ਸਗਲੀ ਦਾਸੀ ਠਾਕੁਰੈ ਸਭ ਕਹਤੀ ਮੇਰਾ ॥
Saglī ḏāsī ṯẖākurai sabẖ kahṯī merā. 
All are the hand maidens of the Lord and all call His their own. 


ਜਿਸਹਿ ਸੀਗਾਰੇ ਨਾਨਕਾ ਤਿਸੁ ਸੁਖਹਿ ਬਸੇਰਾ ॥੪॥੧੫॥੧੧੭॥
Jisahi sīgāre nānkā ṯis sukẖėh baserā. ||4||15||117|| 
She alone whom the Lord adorns O Nanak abides in peace. 
​The first translation is a willing surrender of what one perceives to be their own soul/breath, and wealth, but the second is an acknowledgement that it already belongs to the Master.

*What is your understanding?*

Thank you.


----------



## Taranjeet singh (Dec 2, 2013)

The translation as given by sahib singh ji is as follows:

ਹੇ ਸਹੇਲੀਹੋ! ਮੇਰੀ ਜਿੰਦ ਮੇਰੇ ਪ੍ਰਾਣ ਮੇਰਾ ਧਨ-ਪਦਾਰਥ-ਇਹ ਸਭ ਕੁਝ ਮੈਂ ਆਪਣੇ ਮਾਲਕ-ਪ੍ਰਭੂ ਦੀ ਦਿੱਤੀ ਹੋਈ ਦਾਤਿ ਮੰਨਦੀ ਹਾਂ।

Translating it, it would mean that:


> 'I consider my soul, breath and my wealth to be the Gift of Lord.'



The translation of Sant Singh Khalsa leaves much to be desired.The work of Sahib Singh is considered to be more reliable and trustworthy..


----------



## Ishna (Dec 2, 2013)

Thank you Taranjeet Ji, that's a very valuable contribution and makes so much more sense than the Dr's translation.
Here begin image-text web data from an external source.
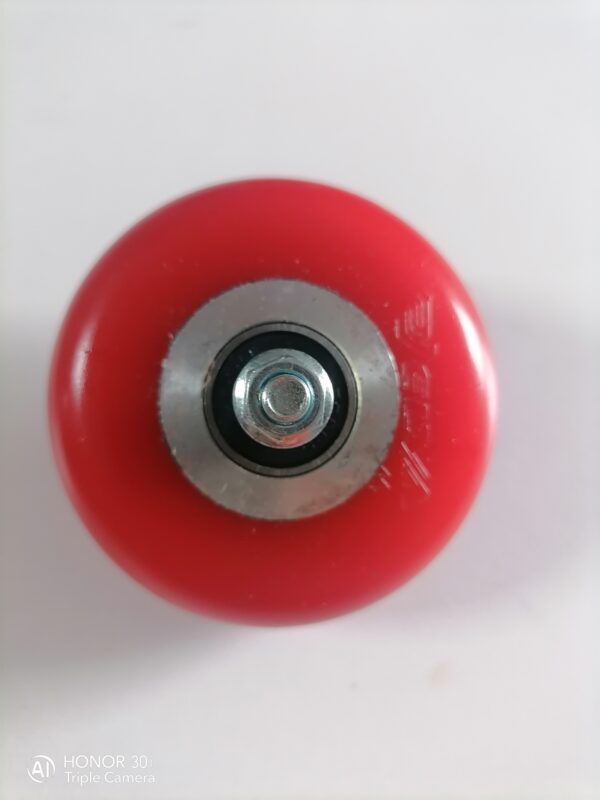 Колесо полиуретан 71мм Elva в сборе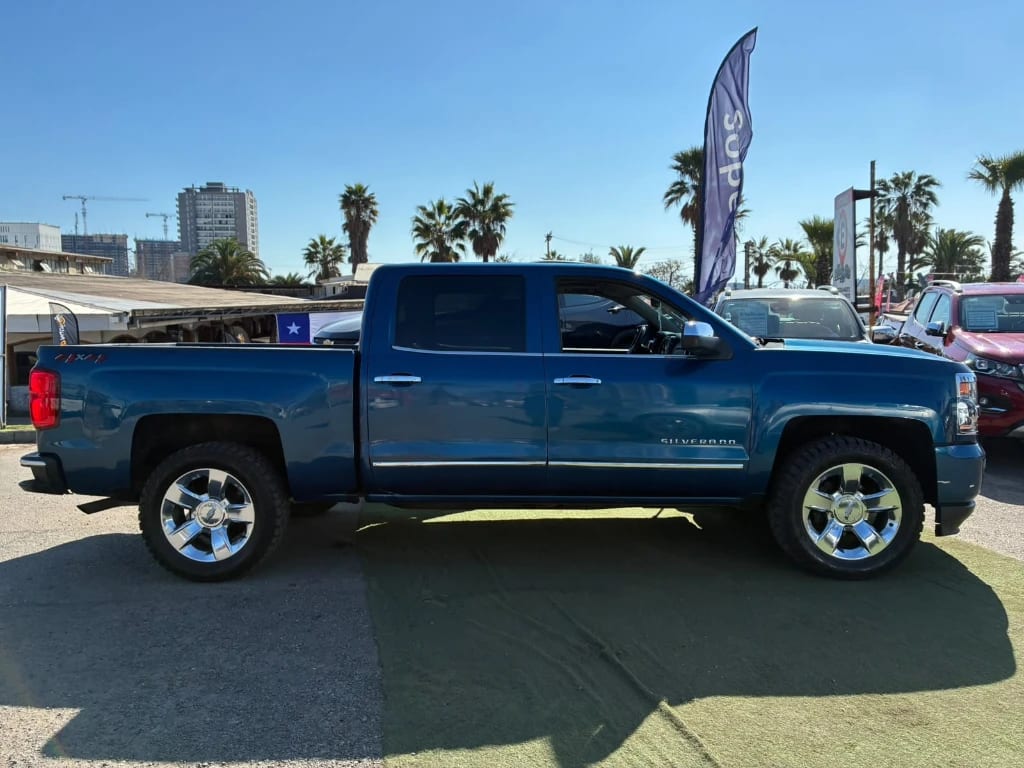 Chevrolet Silverado 5.3 Ltz 4wd Cc Dob Cab At 4p año 2019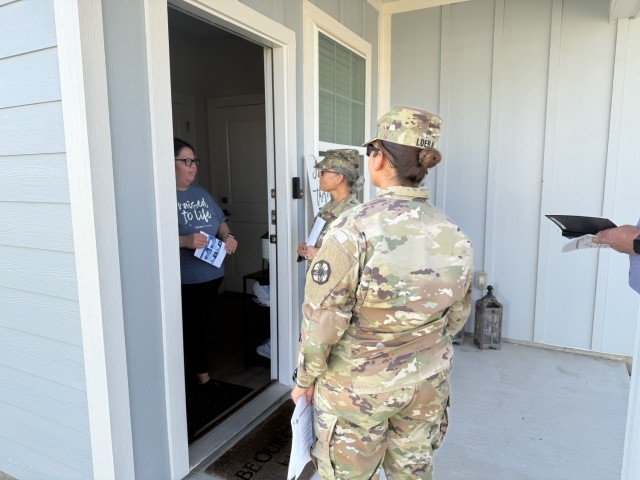Heritage Heights resident speaks with 13th ACSC leaders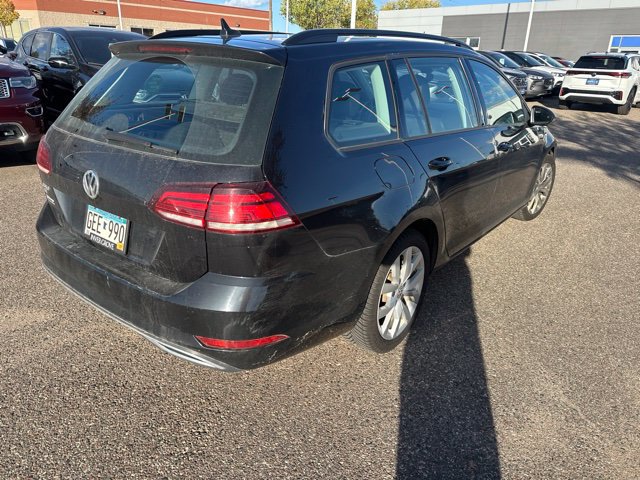 Used 2019 Volkswagen Golf SE FWD image 3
A really big piece of the puzzle is how the Dr translates the tuk as being 'active'... "*I surrender* my soul... like *I* could *choose* whether to keep it for myself or to give it to You... *I* have of my *own will* decided to do this..."  whereas Sahib Singh's translation is more reflective, it's a realisation and acceptance.


----------



## Taranjeet singh (Dec 2, 2013)

Ishna said:


> Thank you Taranjeet Ji, that's a very valuable contribution and makes so much more sense than the Dr's translation.
> 
> 2.A really big piece of the puzzle is how the Dr translates the tuk as being 'active'... "*I surrender* my soul... like *I* could *choose* whether to keep it for myself or to give it to You... *I* have of my *own will* decided to do this..."  whereas Sahib Singh's translation is more reflective, it's a realisation and acceptance.
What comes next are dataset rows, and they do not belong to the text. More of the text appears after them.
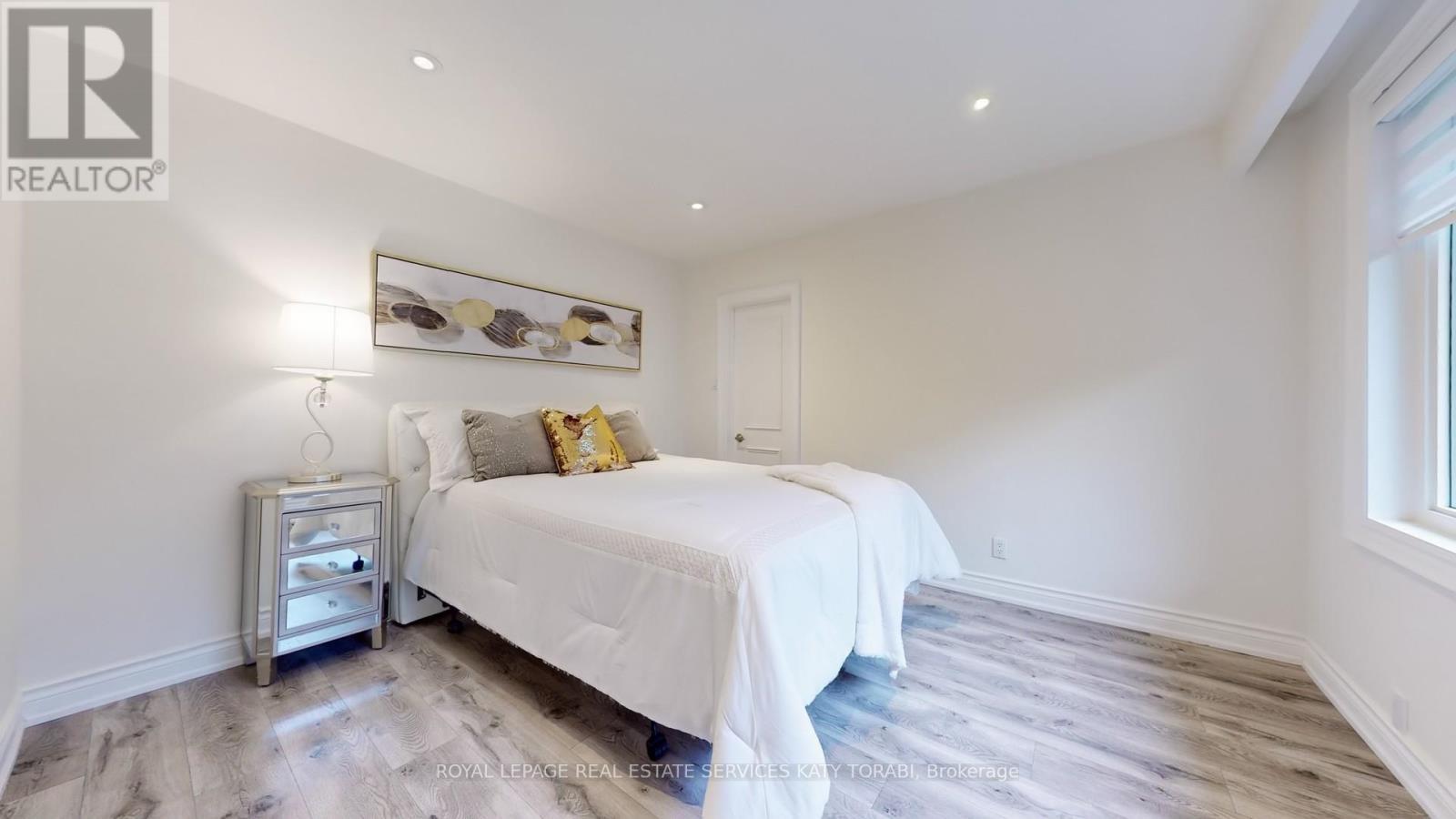 












15 FARRINGTON DRIVE

,
Toronto,




Ontario
M2L2B4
Thanks for amplifying my contribution that is gratefully acknowledged.

Regarding second part ,I do agree with you and you are right, but let us analyse the reasons for this.

It may be noted that no translation can be as accurate and precise to reflect the meaning of a ‘tuk’ as we don’t have the context of the shabd in which it was penned by Guru sahibaan. Before replying to your question I had listened to the Katha /exegesis by Gyani Thakur Singh ji. But he is also silent in regard to the context of this shabd/line under discussion. 
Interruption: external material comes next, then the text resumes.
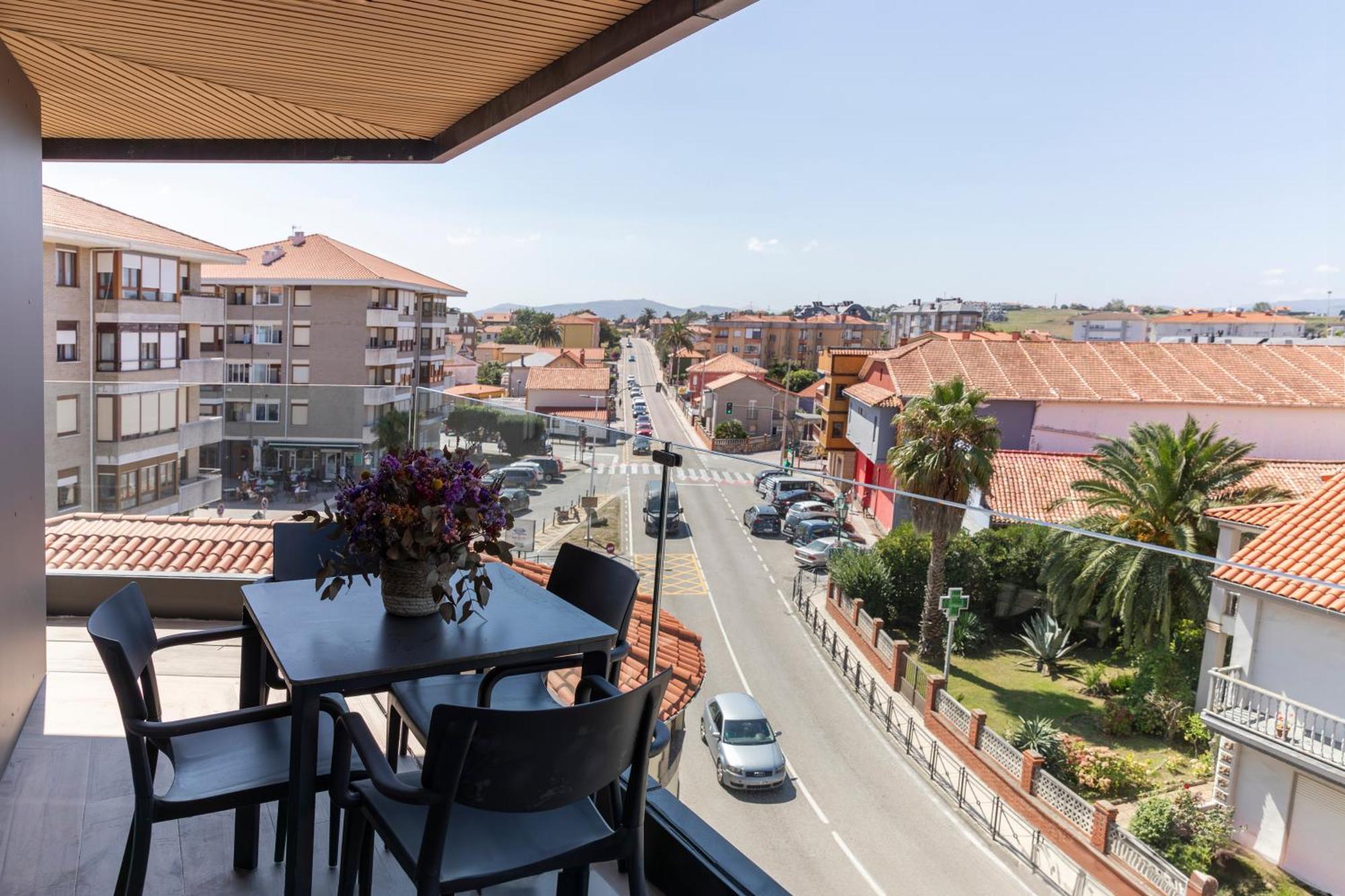 Apartamentos Plaza Center Suances Eksteriør billede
It is the reason that we are not able to extract the meaning of the shabd/tuk at first glance. Probably, the same difficulty is faced by the  translators as subjectivity creeps in due to the perceptions of meanings by individuals /translators. Hence there will always remain difference in translations of various translators; however, meanings based on grammar are likely to be more accurate than others. Sahib Singh work is based on grammar. 

It is not to suggest that we should abjure the work of other translators. They have done a great service to all of us by making us English translations available to us. We rely on them and in case of doubt we refer to Sahib Singh for reference that I find slightly time consuming as certain Punjabi words employed by him are also difficult to comprehend and therefore, we have to refer to Mohan Kosh for word meaning that makes the job onerous and, sometimes, abstruse.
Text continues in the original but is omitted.